Lecture 7 - Information Retrieval Flashcards
An IR system vs Database can also be phrased as
Unstructured vs Structured data
Structured data tends to refer to information in…
Tables
Describe the Boolean Retrieval Model
Boolean Retrieval Models refer to whether a query is present in the database/document.
It is absolute (Document matches condition or not)
What is the issue with Boolean Retrieval Model?
With bigger collections, this becomes computationally heavy
Example:
- N = 1M documents, each with about 1000 words → Around 6gb of data.
- If there are 500K distinct terms in these documents, then a matrix of size 500k * 1M will have half-a-trillion 0’s and 1’s
- But no more than one billon 1’s
- Matrix is extremely sparse
- What’s a better representation?
- We only store the ‘1’ positions → Inverted Index
Also:
Boolean queries often result in either too few (=0) or too many (1000s) results
It takes a lot of skill to come up with a query that produces a manageable number of hits
- AND gives too few; OR gives too many
What is an Inverted Index?
An inverted index keeps a dictionary of terms and for each term t, store a list of all documents that contain t
I.e: You can say that Boolean Retrieval Model is from the perspective of the document, whereas Inverted Index is from the perspective of the term
What are the steps of constructing an inverted index?
Documents to be indexed -> Tokenizer -> Linguistic Modules -> Indexer = Inverted Index
What is meant by phrase queries?
We want to be able to answer queries such as “Stanford university” as a phrase.
For phrase queries, is it sufficient to store entries
No.
What is meant by biword indexes
Instead of storing just single words, we now store biwords
Example:
“Friends, Romans, Countrymen” would now store:
- friends romans
- romans countrymen
This allows us to do two-word phrase query-processing
How can we do longer phrase queries using biwords?

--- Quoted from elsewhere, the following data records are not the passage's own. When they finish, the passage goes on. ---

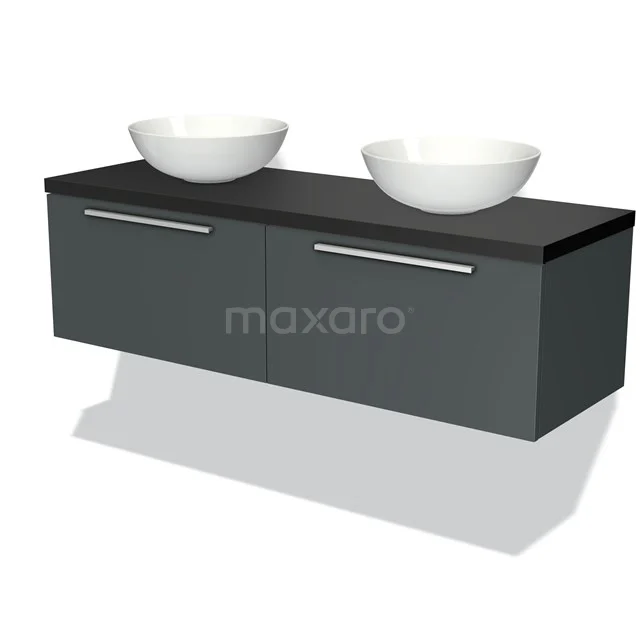 Graue schwebende Badmöbelset mit Schwarz Platte und zwei runden weißen Waschbecken, modernes Design.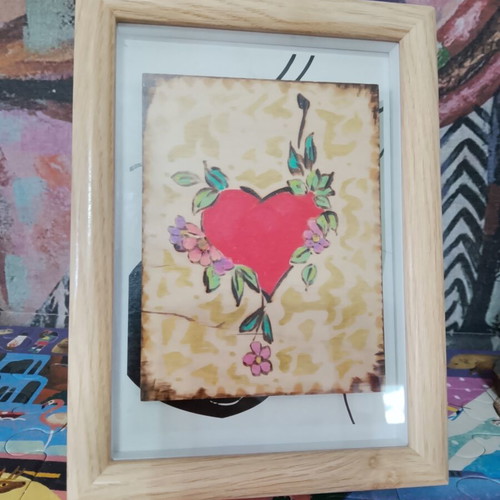 Decorative frame with wood pyrography painting 15x20cm new
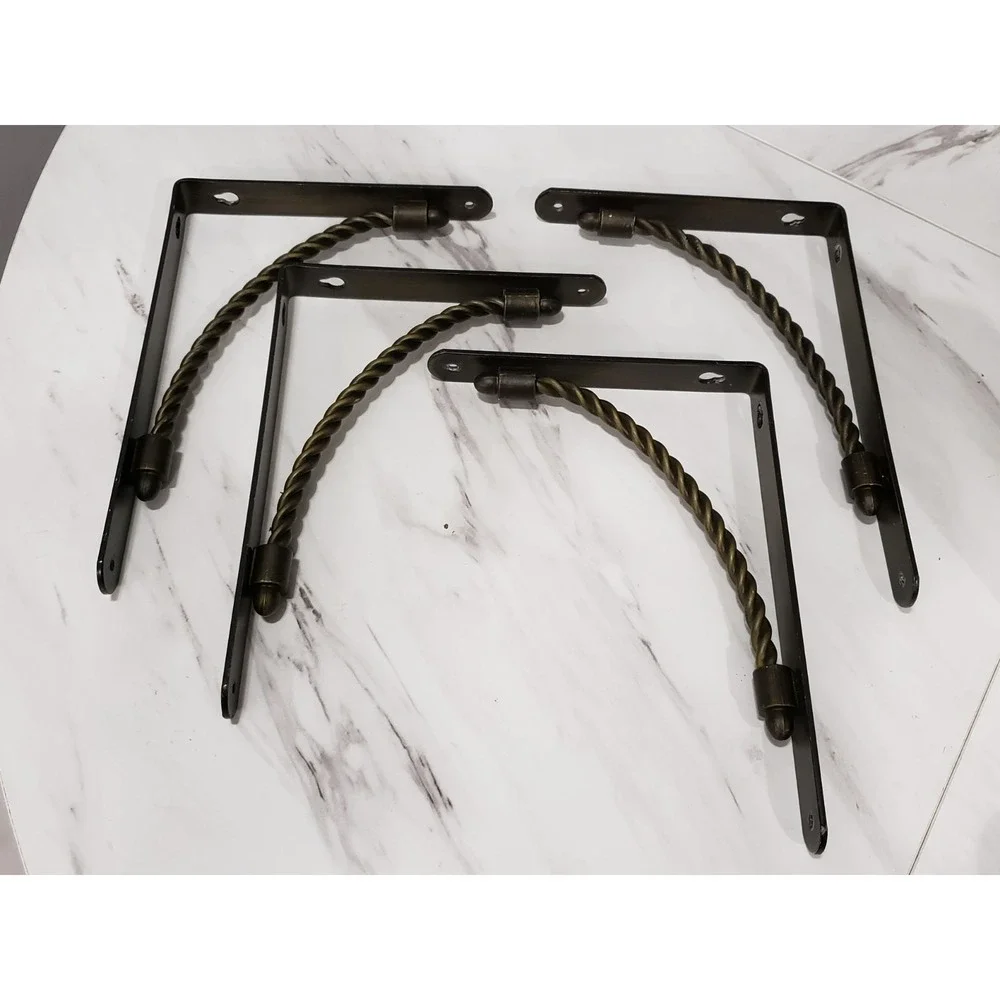 LOT SET 4 PIECES Twisted Arc Arch Shelf Brackets bronze decorative gothic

Longer phrases can be processed by breaking them down
Example:
“Stanford university palo alto” can be broken into the boolean query on biwords:
- stanford university AND university palo AND palo alto
We cannot verify that the docs matching the above Boolean query do contain the phrase
What are the issues for biwords indexes?
False Positives
Index blowup due to bigger dictionary
- Infeasible for more than biwords, big even for them
Biword indexes are not the standard solution (for all biwords) but can be part of a compound strategy
Name an alternative to biword indexes
Positional Indexes
Is a positional index larger or smaller than a non-positional index
Substantially larger
Can you combine Biword Indexes and Positional Indexes?
Yes
What is the difference between Boolean Retrieval Models and Ranked Retrieval Models?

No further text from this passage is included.